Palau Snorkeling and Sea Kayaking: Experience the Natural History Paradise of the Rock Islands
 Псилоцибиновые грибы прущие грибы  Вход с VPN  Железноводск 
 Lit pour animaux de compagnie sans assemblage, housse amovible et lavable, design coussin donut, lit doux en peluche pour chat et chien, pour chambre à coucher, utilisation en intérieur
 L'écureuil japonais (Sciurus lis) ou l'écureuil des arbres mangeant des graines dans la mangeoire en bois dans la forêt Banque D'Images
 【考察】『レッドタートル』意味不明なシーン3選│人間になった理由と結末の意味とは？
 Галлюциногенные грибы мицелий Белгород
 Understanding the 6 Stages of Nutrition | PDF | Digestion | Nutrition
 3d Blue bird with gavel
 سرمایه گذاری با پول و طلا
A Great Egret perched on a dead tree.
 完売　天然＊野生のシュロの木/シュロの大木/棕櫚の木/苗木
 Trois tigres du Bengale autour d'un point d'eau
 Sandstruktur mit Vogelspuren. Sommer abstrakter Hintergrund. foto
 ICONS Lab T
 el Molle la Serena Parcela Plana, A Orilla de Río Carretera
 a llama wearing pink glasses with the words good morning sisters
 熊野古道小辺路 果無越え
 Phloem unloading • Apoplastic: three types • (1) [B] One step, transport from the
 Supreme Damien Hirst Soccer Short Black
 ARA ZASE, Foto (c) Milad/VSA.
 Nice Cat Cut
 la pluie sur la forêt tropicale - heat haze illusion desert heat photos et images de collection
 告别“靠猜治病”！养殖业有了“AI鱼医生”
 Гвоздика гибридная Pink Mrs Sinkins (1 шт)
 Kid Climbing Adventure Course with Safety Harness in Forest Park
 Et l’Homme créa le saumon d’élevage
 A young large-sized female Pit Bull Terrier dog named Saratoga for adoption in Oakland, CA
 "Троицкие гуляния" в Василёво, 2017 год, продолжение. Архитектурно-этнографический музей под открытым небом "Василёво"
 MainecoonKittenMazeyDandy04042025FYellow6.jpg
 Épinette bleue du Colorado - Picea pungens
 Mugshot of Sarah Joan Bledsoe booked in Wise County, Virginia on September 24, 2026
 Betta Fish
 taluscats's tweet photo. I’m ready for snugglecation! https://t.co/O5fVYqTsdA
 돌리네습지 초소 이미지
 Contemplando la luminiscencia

:: TASK STATEMENT ::
Starting at the line that has "Псилоцибиновые грибы прущие" in the records above, restate word for word every line until the one that has "Kid Climbing Adventure", and include that one as well.

:: PROBLEM SOLUTION ::
 Псилоцибиновые грибы прущие грибы  Вход с VPN  Железноводск 
 Lit pour animaux de compagnie sans assemblage, housse amovible et lavable, design coussin donut, lit doux en peluche pour chat et chien, pour chambre à coucher, utilisation en intérieur
 L'écureuil japonais (Sciurus lis) ou l'écureuil des arbres mangeant des graines dans la mangeoire en bois dans la forêt Banque D'Images
 【考察】『レッドタートル』意味不明なシーン3選│人間になった理由と結末の意味とは？
 Галлюциногенные грибы мицелий Белгород
 Understanding the 6 Stages of Nutrition | PDF | Digestion | Nutrition
 3d Blue bird with gavel
 سرمایه گذاری با پول و طلا
A Great Egret perched on a dead tree.
 完売　天然＊野生のシュロの木/シュロの大木/棕櫚の木/苗木
 Trois tigres du Bengale autour d'un point d'eau
 Sandstruktur mit Vogelspuren. Sommer abstrakter Hintergrund. foto
 ICONS Lab T
 el Molle la Serena Parcela Plana, A Orilla de Río Carretera
 a llama wearing pink glasses with the words good morning sisters
 熊野古道小辺路 果無越え
 Phloem unloading • Apoplastic: three types • (1) [B] One step, transport from the
 Supreme Damien Hirst Soccer Short Black
 ARA ZASE, Foto (c) Milad/VSA.
 Nice Cat Cut
 la pluie sur la forêt tropicale - heat haze illusion desert heat photos et images de collection
 告别“靠猜治病”！养殖业有了“AI鱼医生”
 Гвоздика гибридная Pink Mrs Sinkins (1 шт)
 Kid Climbing Adventure Course with Safety Harness in Forest Park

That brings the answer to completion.